Mike Clayton: It's a lot of advice you're asking for – better decisions, better time management and value. I think start with something I've already stated – keep learning and learn broadly, cover as much as you can, just look for good quality articles. I know you, PMTips, produces some really good articles. I certainly work hard to produce a very substantial article once a week of two to three thousand words on a topic. Look at some really good videos, there are some great YouTube channels as well, and again I'm very proud of some of the YouTube videos that I've created about project management. But, go wider – look at general business, general psychology, general communication skills, personal effectiveness skills, look at books, look at videos, courses. Continually learn if you're a member of the PMI or the Association for Project Management, you will be expected to do continuing education and personal development through your career. But even if you're not, you should be doing that. And if you are, don't be limited, don't see the number of hours you need to clock up as some sort of a target – see them as a starting point. Just learn wherever you can, be interested in everything.

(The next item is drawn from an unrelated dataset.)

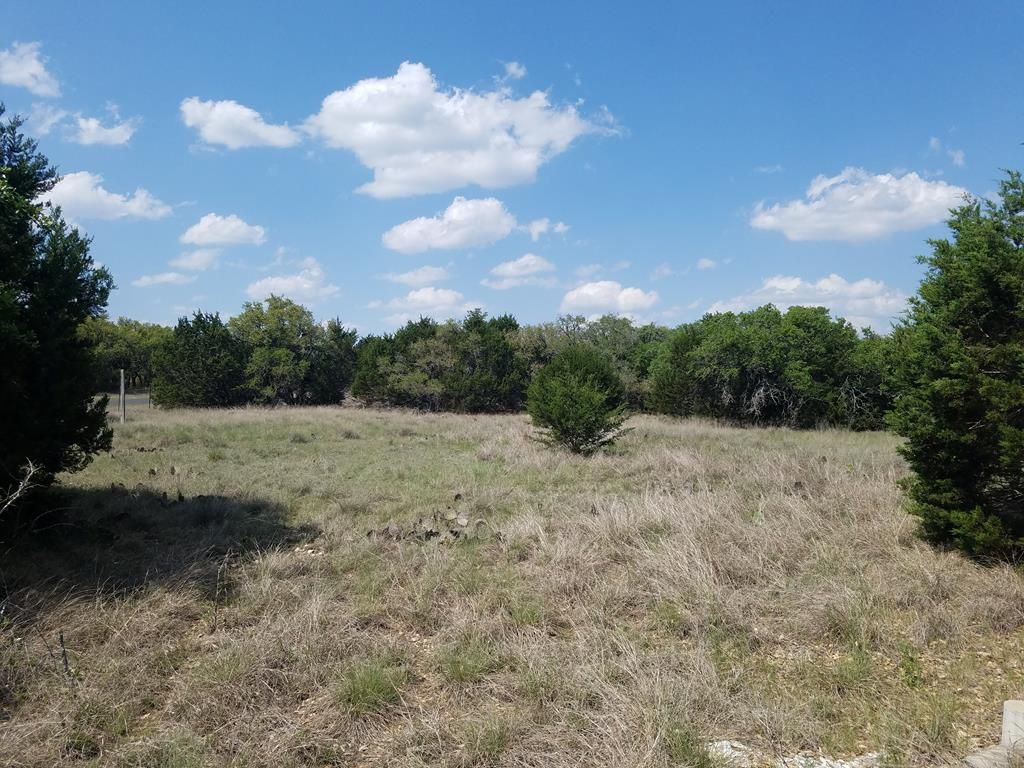 5 acres in Kerr County, Texas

And, the second thing I'd say is that your success as a professional [is] not about luck. Luck clearly plays a part – sometimes you get an opportunity that other people haven't got and it makes a difference and sometimes you don't get the opportunity you were hoping for. But primarily, I think your success as a project manager is about hard work. It's about being diligent and doing everything properly and carefully and thoughtfully, and it's about persevering. And if we take that to the example of better decisions – what makes a good decision – it's not being right, because you can't be right all the time. But, it is about following a good process, accessing the best information and using that, to use your best judgment and bringing the best judgement of the people around you. And, so I would say that my main advice is really to act like a professional – and I recently published an article about ethics and codes of conduct in the project management world. I think we do need to think of ourselves as professionals, and I know here in the UK the Association for Project Management, very proudly a couple of years ago, got its Royal Charter as a chartered body for project professionals, and that's how we need to think of ourselves. Not as someone who does a job, but as someone who is committed for a period of time, which may be your whole working life or it may be a part of it, to being the very best project manager we can be.
PMTips: Mike, thank you for giving great advice to our readers and listeners. That was the last question. Thank you once again for being our guest today.
Mike Clayton: It's been a great pleasure, thank you very much for inviting me.